BELLEAIR BLUFFS – If a company performing the beach replenishment along the Belleair Beach and Indian Rocks Beach coast had been a little less nasty, there might have been a chance the cost of moving equipment would not have cost triple what the company had planned.
Might is the operative word, because property owners in Belleair Shore are loath to have others trespass on their beach over which they proudly assert ownership.
Background – Norfolk Dredging Company is replenishing sand on the beach and needs to move three bulldozers and an excavator from Belleair Beach’s strand south to Indian Rocks Beach.
John Hayes, one of Belleair Shore’s commissioners, approached the project manager of Norfolk, as he tells it, with a mind to discuss Norfolk’s needs.
Hayes, a genial and friendly fellow whose outward conviviality can hide a backbone of steel, was peremptorily told by the Norfolk representative to scram – “get off my property.”
Hayes reacted to this by informing Norfolk and county officials that no heavy equipment (and it is big stuff) was going to cross his property. Not good for Norfolk.
Then, in a letter dated two days before the meeting last week at which Hayes related this turn of events, Nicole Elko, who is the county’s coordinator for the beach replenishment, made a plea for a one-time agreement from the Town of Belleair Shore to allow the passage of the equipment along the beach.
Moving the stuff down Gulf Boulevard, all the way to the Indian Shores line, would cost triple, her letter said.
Because ownership of the beach attaches to individual property owners, the Town Commission could not give a blanket approval.
But it can give a green light to move the equipment along the line below the median high water mark. This would produce, at low tide, a path 40 to 50 feet wide of wet sand.
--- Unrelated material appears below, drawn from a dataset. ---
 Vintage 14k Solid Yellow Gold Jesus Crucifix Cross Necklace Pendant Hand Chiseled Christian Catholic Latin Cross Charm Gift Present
Discussing this last Wednesday night at their meeting, the commissioners speculated that moving heavy machinery along the beach on wet sand at low tide would run the risk of having the machinery get stuck.
It might make Belleair Shore look like Normandy about six months after D-Day.
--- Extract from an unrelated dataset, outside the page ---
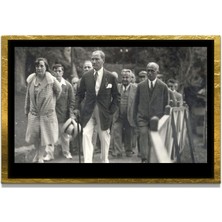 Marsilyan Yapay Zeka ile Yenilenmiş Atatürk Fotoğrafları Siyah Beyaz Cam Tablo, 3D Dekoratif Baskı 769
“The wet sand is a hazard,” Commissioner Bob Schmidt said. The consensus was to turn down the county’s request.
But Hayes hailed Elko’s efforts. “She did nothing wrong and everything right,” he said.
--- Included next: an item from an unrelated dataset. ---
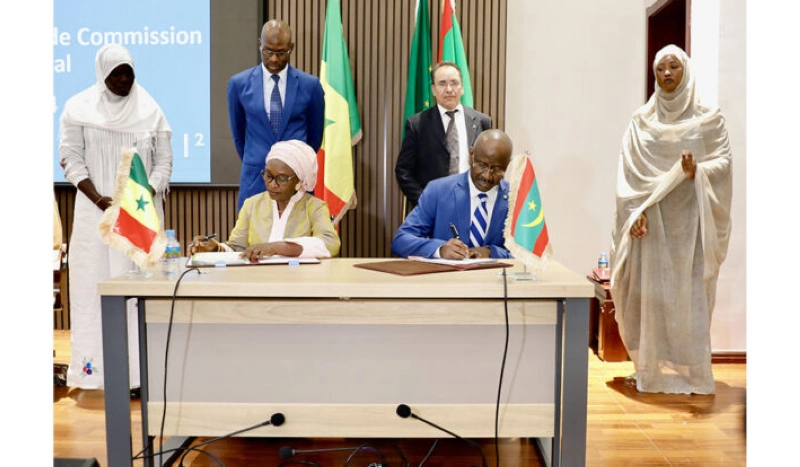 Le ministre des affaires étrangères, de la coopération africaine et des mauritaniens de l’extérieur, Mohamed Salem Ould Merzoug, et son homologue sénégalaise, Yacine Fall, ministre de l’intégration africaine et des affaires étrangères.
In other action, the commission decided to regulate short term rentals and limit them to the rules outlined by the county law on residential family zoned areas.
That is, there is a 30-day minimum limit and any lease granter can only do that three times a year which would effectively, and economically, force rentals into at least four month rental times.
Schmidt and Carl Hilton, who were returned to the commission unopposed, were sworn in. Also being retained is Ray Piscitelli who was away.